The very first approximation is 4 control points on each curve.
We form a bilge radius curve more or less precisely because the shape is very simple. The flat bottom line also usually has a simple form for definition by the four control points. The line of the stem can be defined very approximately at the initial stage. Do not pay much attention to this yet. It only makes sense to set the tangent of the stem to the bottom. The same applies to the flat board line. It is necessary to set the tangent to the midship frame.
After making the lines, the surface is defined by specifying the boundary lines along the contour. The control surface polyhedron has only four control points.
Pay attention to the number of points of the polyhedron closest to the line of the bilge radius. It is necessary to set a number of control points strictly vertically position. The next row of points should look like something between the previous row and the stem. This is achieved by changing the position of the corresponding control points of the flat side line and the flat bottom line. Then a series of control points of the surface can be simply straightened, preserving the shape of the projection “Front”.
The correct location of control points is very important at the initial stage of work. Subsequently, when adding new control rows of control points, the system will take into account the previous location of control points. This will significantly speed up the smoothing process in subsequent stages.

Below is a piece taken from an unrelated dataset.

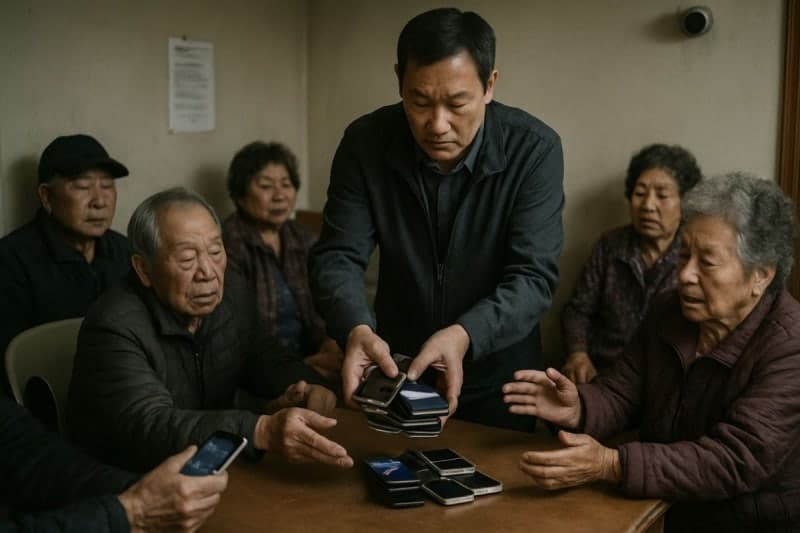 '대리투표 의혹' 민주당 전남 화순·장성 군수 경선 전격 중단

After that, you can increase the number of control points on the stem curve to 5. This will give more degrees of freedom to approach the desired shape of the curve and accordingly increase the number of points on the surface. An important property of the surface should be noted - when adding a control point on the boundary line, the shape of the line and the shape of the surface remain unchanged. When modifying the shape of the curve, it is better to use the mode without surface modification. In this case, the points of the control polyhedron remain unchanged.
As shown above, even with the use of five control points on the curve, it is possible to fairly accurately describe the shape of the stem contour. It is recommended to use “magic” numbers when adding control points, as described in the section “Useful Tips on Surface Modeling.” This will significantly reduce the complexity of the process of smoothing the surface.
When editing the position of surface control points, try to position them evenly with respect to neighboring points. A beautiful and even distribution of control points will also help to quickly achieve the desired result. Never increase the number of control points on a surface before all the possibilities have been used to achieve the desired result with the existing set of control points. The next step is to increase the number of control points to 5 on the flat side line and, as far as possible, bring the shape of the boundary curve to the prototype. Additional control points on the surface can be used to more closely approximate the prototype.